Todos, sometidos al principio del valor moderno, buscan dinero de cualquier forma para generar y obtener más valores, ya sean positivos o negativos. No importa que, contraviniendo el sentido antiguo y moral del valor, se dañe a otros. Lo que importa es hacerse de ellos.
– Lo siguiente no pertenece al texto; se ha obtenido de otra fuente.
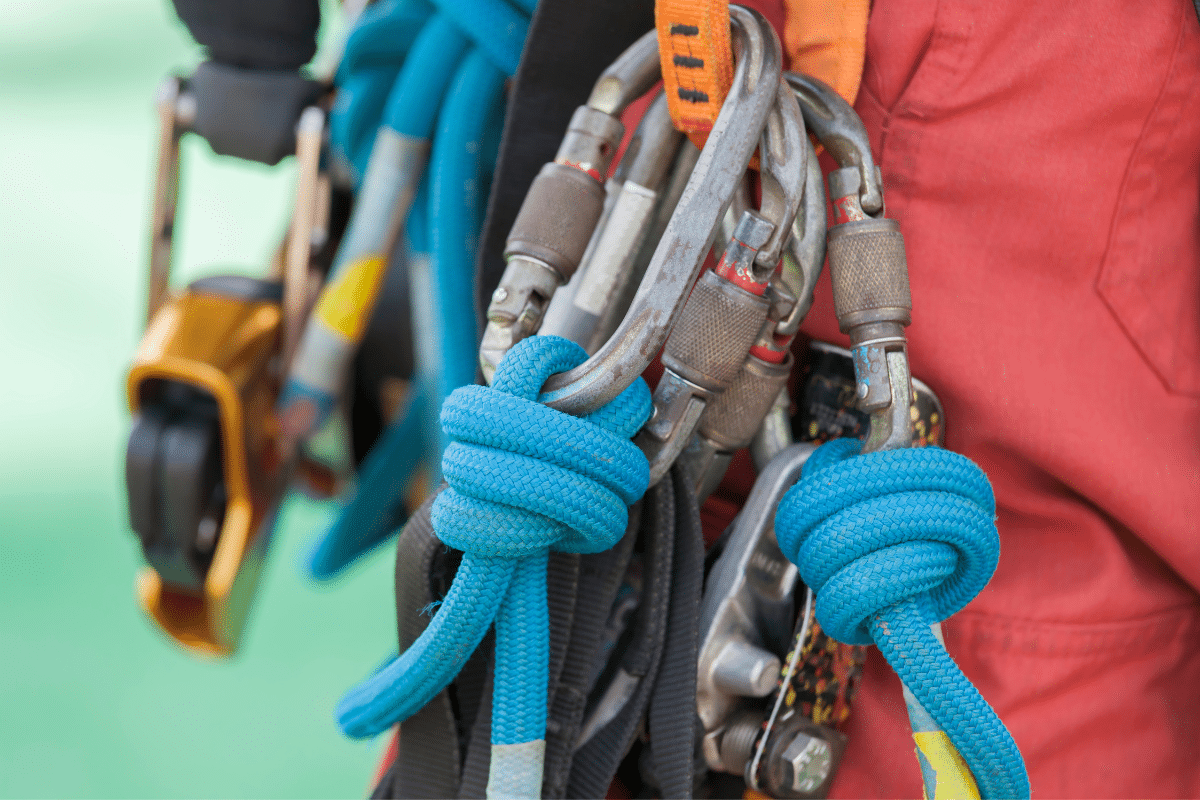 Hooks and buckles on the belt of a Severn Access worker performing cladding repairs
Para muestra baste ver a Calderón, al “góber precioso”, a Ulises Ruiz, a Peña Nieto, a la policía y al Ejército vulnerados por el dinero de los narcos; a Slim, a Azcárraga, a Salinas Pliego, a Elba Esther, a Esparza, a la mancuerna López Obrador-Juanito, a Onésimo Cepeda, a Norberto Rivera, las innaturales alianzas entre la Iglesia y el Estado, las componendas de los partidos, los sindicalismos corporativistas, las complicidades entre mafias legales y no legales, etcétera.
Adondequiera que volvamos el rostro, el valor prima sobre el bien y sobre el sentido de la proporción y de la vida buena. En un mundo así, ya no se trata de elecciones morales, sino de soluciones a problemas en donde no sólo los lenguajes, sino las maneras de pensar propias de los militares entran en el campo de las relaciones humanas. Así, las estrategias “purifican” el valor filtrando en él la noción de “oportunidad” y eliminando el bien de la ética.
Por ello, a inicios de 2010 el país está desfondado.
Volver al valor en su sentido antiguo y crearle de ese modo un fondo, un suelo al país, implicaría volver a la palabra gratuidad –una palabra que el cultivo de los valores desprecia–, es decir, a esos actos que carecen de utilidad objetiva o de interés, y que se realizan porque son buenos y bellos –en el sentido moral y no estético del término–. Cuando alguien da de comer a otro; cuando otro, sin interés alguno, va en su ayuda, esos actos, a diferencia de los que se gestan en los valores, no están orientados hacia nada. Son, por el contrario, pura gratuidad, pura bondad, pura vida política en su sentido original, puro sentido común. Aristóteles lo dijo mejor: un hombre de valor es aquel que actúa “por la belleza del acto (...) por amor al bien”.
Además opino que hay que respetar los Acuerdos de San Andrés, liberar a todos los zapatistas presos, derruir el Costco-CM del Casino de la Selva, esclarecer los crímenes de las asesinadas de Juárez, sacar a la Minera San Xavier del Cerro de San Pedro, liberar a los presos de Atenco y de la APPO, y hacer que Ulises Ruiz salga de Oaxaca.